Using the listing below, set down exactly the lines from the one that contains "PIEDMONT - Residential" through the one that contains "Егор, 26, г.Калачинск Егор, 26, г.Калачинск", with no pictures.

**Source material**.
———
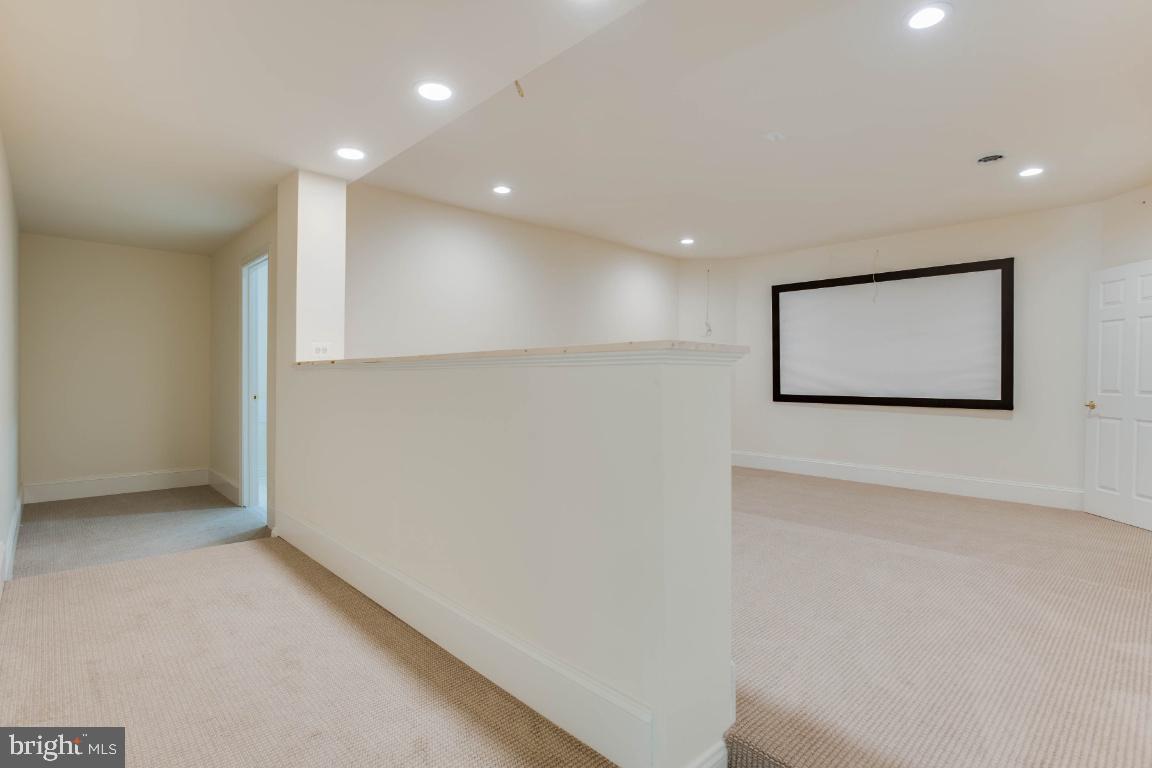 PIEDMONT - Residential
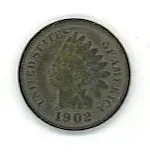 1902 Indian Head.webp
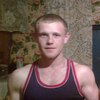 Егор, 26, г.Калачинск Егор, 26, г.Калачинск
———
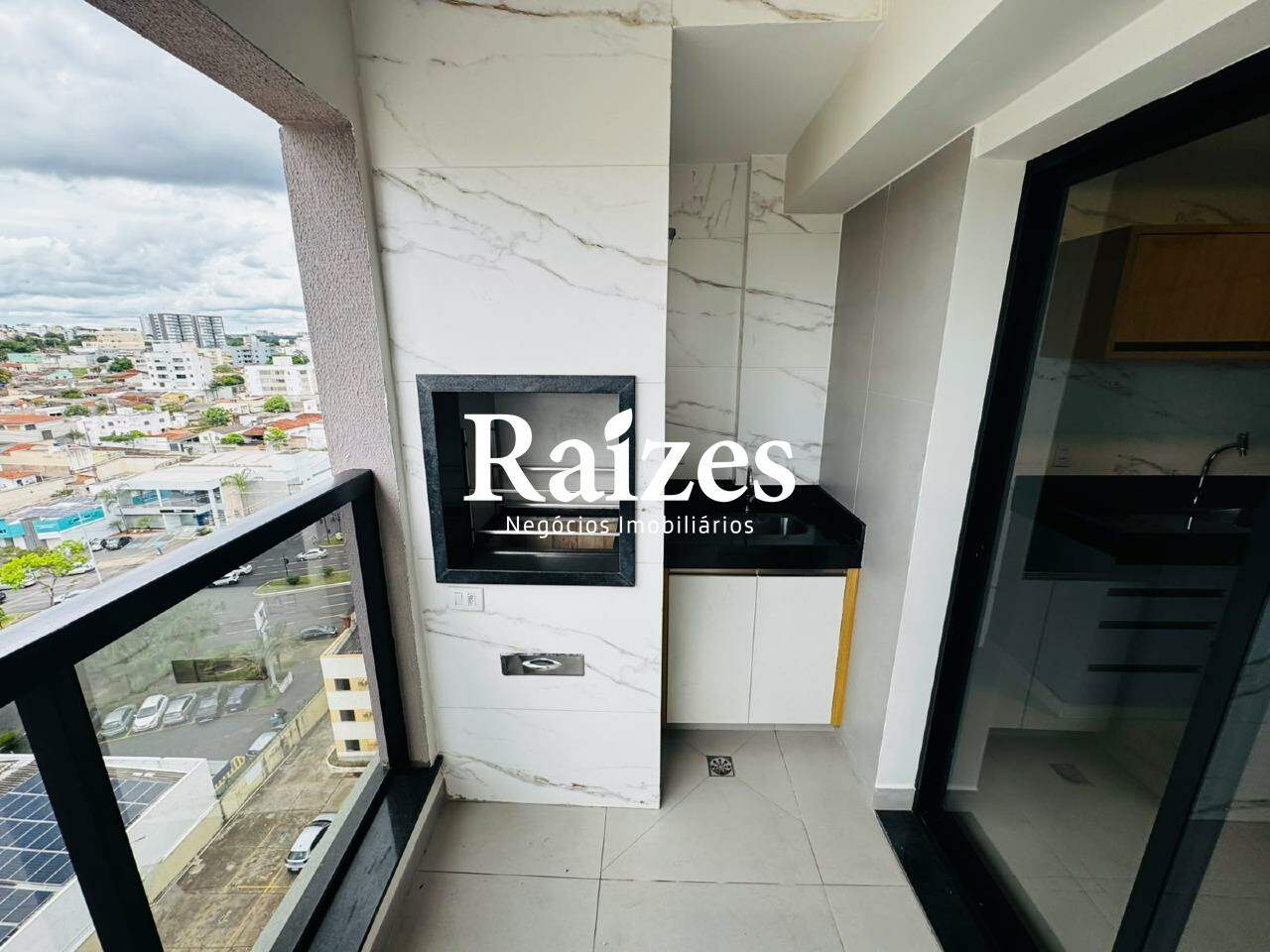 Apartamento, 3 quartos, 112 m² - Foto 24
———
**Result**.
 PIEDMONT - Residential
 1902 Indian Head.webp
 Егор, 26, г.Калачинск Егор, 26, г.Калачинск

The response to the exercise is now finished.